Along the way, I also noticed that the original YATA insert algorithm described in “Near Real-Time Peer-to-Peer Shared Editing on Extensible Data Types” admits a potential non-convergent case.
This issue does not affect Yjs at all, because the Yjs algorithm already addresses this problem. In fact, my verification shows that my formal model of Yjs does not exhibit such non-convergent cases.
I’m sharing this because I believe it might be useful for those interested in understanding the correctness of the YATA algorithm.

Non-convergent example

(based on Section 3.4 insert algorithm)

Setup (three clients, concurrent inserts):

  • Initial document: empty.
  • Client 1 inserts "a" at position 0 concurrently with Client 2 inserting "b" at position 0.
    Hence: a.origin = ⊥, b.origin = ⊥.
  • Client 3 observes "b" and then inserts "c" after "b".
    Hence: c.origin = b.

We compare two scenarios that lead to two different results:


Order A: abc

  • A-1: apply a"a"
  • A-2: apply b
    • compare with a: a.origin = b.origin = ⊥ and a.id < b.id → place b after a
    • result: "ab"
  • A-3: apply c (with c.origin = b) → place c after b
    • result: "abc"

Order B: bca

  • B-1: apply b"b"
  • B-2: apply c (with c.origin = b) → "bc"
  • B-3: apply a
    • loop #1 vs b: a.origin = b.origin = ⊥ and a.id < b.id → no matching “place after” condition in this pass, keep scanning
    • loop #2 vs c: a.origin < c.origin (since c.origin = b and a.origin = ⊥) → place a after c
    • result: "bca"

Thus, the two scenarios diverge: "abc" vs "bca".

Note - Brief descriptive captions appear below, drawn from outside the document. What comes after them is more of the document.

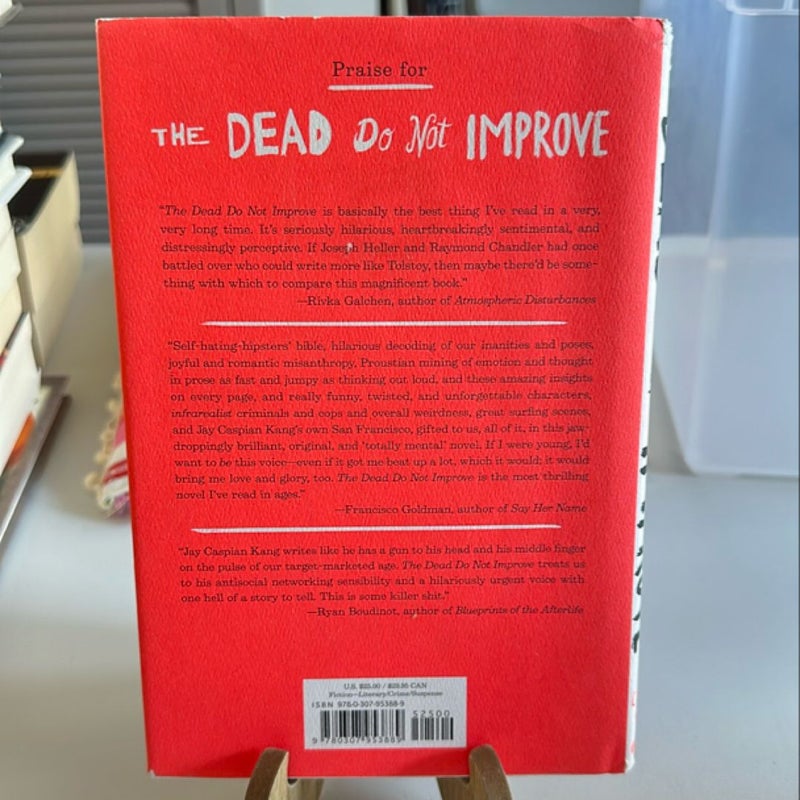 The Dead Do Not Improve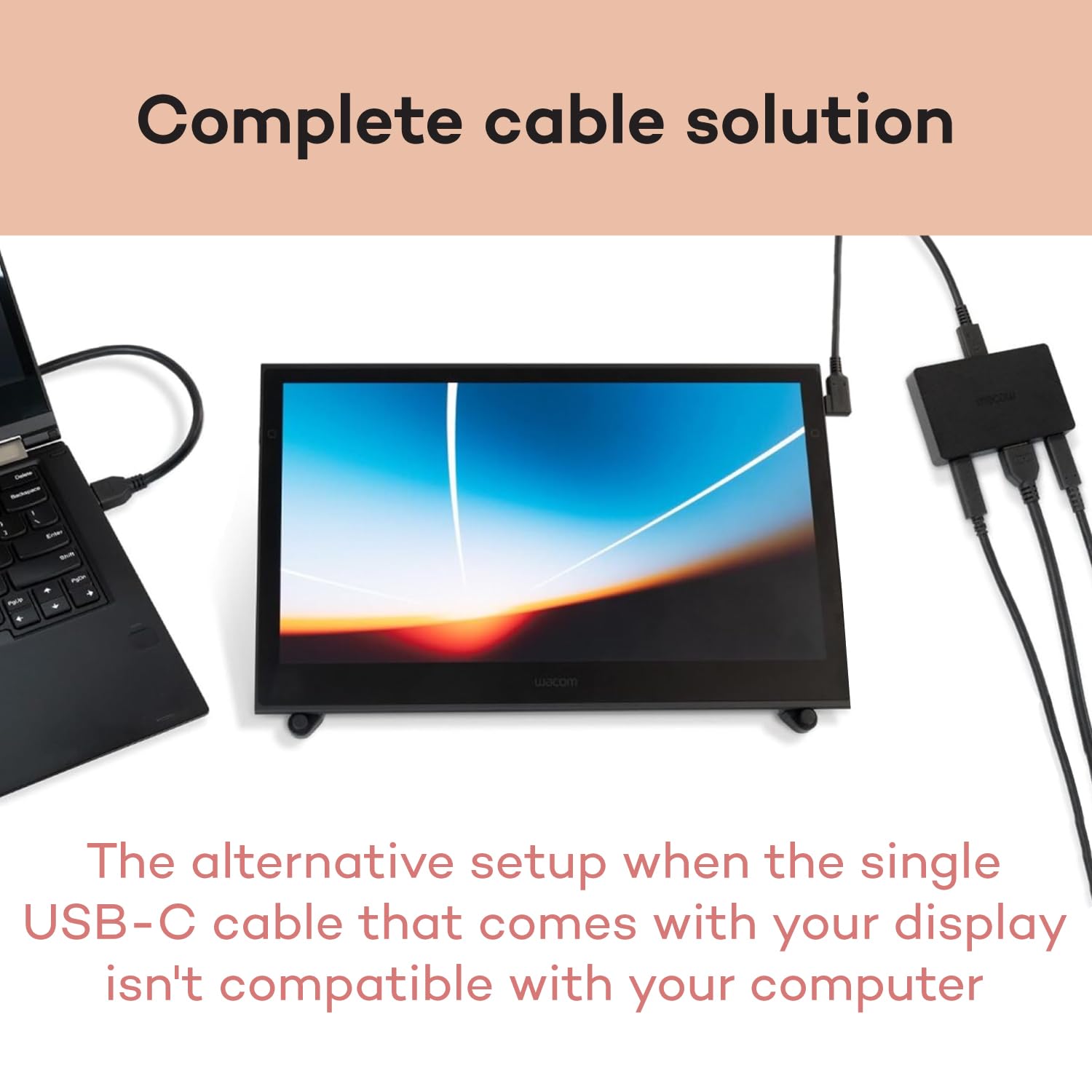 Amazon.com: Wacom Converter Kit, HDMI to USB-C Connection Solution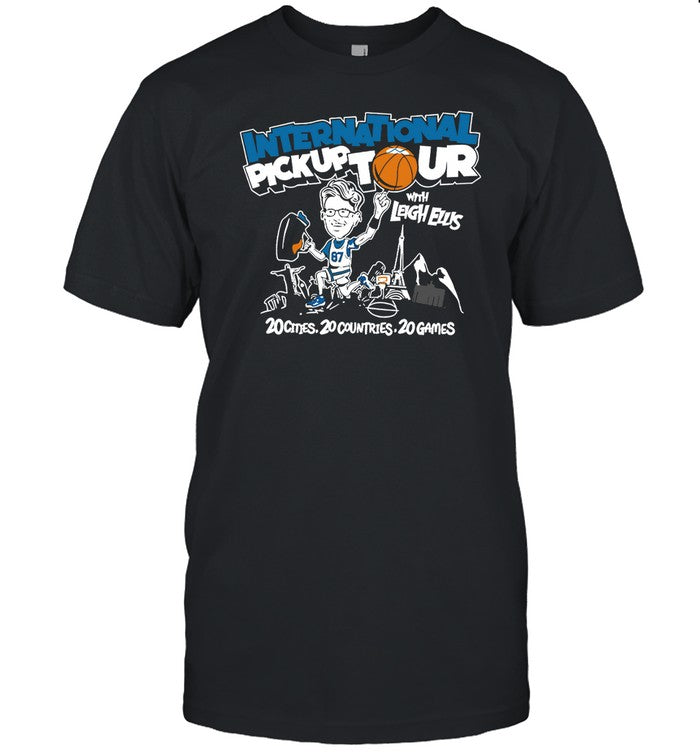 Shirt Leigh Ellis The International Pickup Tour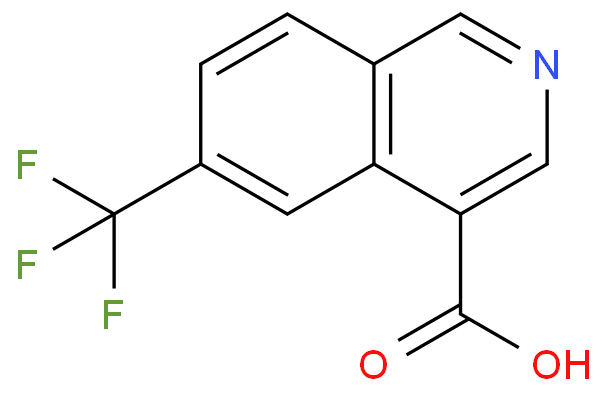 6-(三氟甲基)异喹啉-4-羧酸/2177266-08-7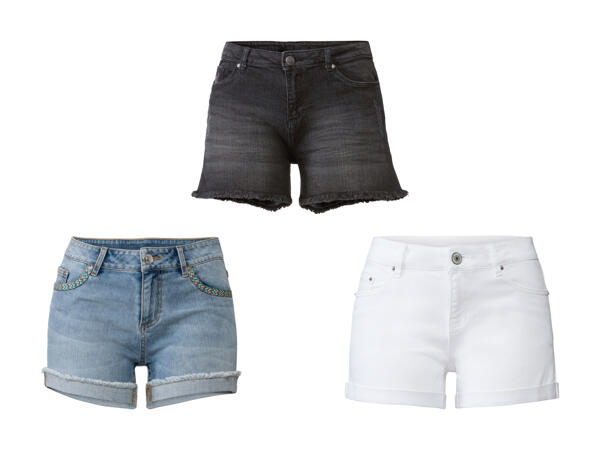 Short en jean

(This non-convergent case arises from the subtlety in the scanning process of the integration loop (e.g., comparing a vs. b), where the insert position does not move until an item appears whose origin makes the ordering unambiguous. This turned out to be one of the most challenging parts of my formal verification.)

If I’m misunderstanding something here, I’d be happy to be corrected.
I would greatly appreciate any feedback or comments.

1 Like

Hi @iasakura,

I really appreciate you working on this! :slight_smile:

Nine years later, you are actually the first to point out the issue in the pseudocode in the paper! The algorithm for item.integrate in the Yjs codebase did not change at all (aside from some optimizations I made). It seems I translated the code incorrectly to pseudocode. Thanks for going the extra mile and using the correct algorithm.

It’s unfortunate that the code in the paper is incorrect. I’m going to reference your repository and this discussion in the Yjs readme. I’m sure you will write a paper about lean-yjs. I would love to reference that as well.

1 Like

Hi @dmonad,

Thank you so much for your kind and detailed reply!

I’m glad that formal verification helped uncover a subtle issue in the pseudocode that went unnoticed for nine years. I’m also grateful for your clarification regarding the pseudocode. I now understand that the discrepancy is not because YATA and Yjs differ, but rather due to an error in the pseudocode itself. If I mention this point in the future (e.g., in a paper or in documentation), I’ll make sure to describe it that way.

I’m really excited to see lean-yjs referenced in the Yjs README. Thank you so much! I’ll keep improving lean-yjs, and at the same time, I’d love to work towards a paper, even if it may take quite some time since I’m not in academia right now. When a paper is published (maybe on arXiv), I’ll be sure to share it here.

1 Like

No worries about the paper! I just assumed that you’re coming from academia. Keep me updated on the repo, and thanks for working on this!

1 Like